Proposal #3337: expose Unicode and newline translation from System.IO

Ticket: http://hackage.haskell.org/trac/ghc/ticket/3337 For the proposed new additions, see: * http://www.haskell.org/~simonmar/base/System-IO.html#23 System.IO (Unicode encoding/decoding) * http://www.haskell.org/~simonmar/base/System-IO.html#25 System.IO (Newline conversion) Discussion period: 2 weeks (14 July).
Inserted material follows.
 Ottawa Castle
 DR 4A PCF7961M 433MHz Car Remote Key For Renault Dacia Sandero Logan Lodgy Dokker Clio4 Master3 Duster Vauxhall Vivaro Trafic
This patch increases the need to make binary Handles a different type. When you set the TextEncoding of an output Handle to utf16 or utf32, does that trigger output of a BOM? When you set the TextEncoding of an input Handle to utf16 or utf32, does it immediately read a character looking for a BOM? Do you really need two Newline modes per Handle? Most Handles are unidirectional, and even a ReadWrite Handle is reading and writing to the same file. The main benefit seems to be that you can apply universalNewlineMode to any Handle, but is that worth the complication?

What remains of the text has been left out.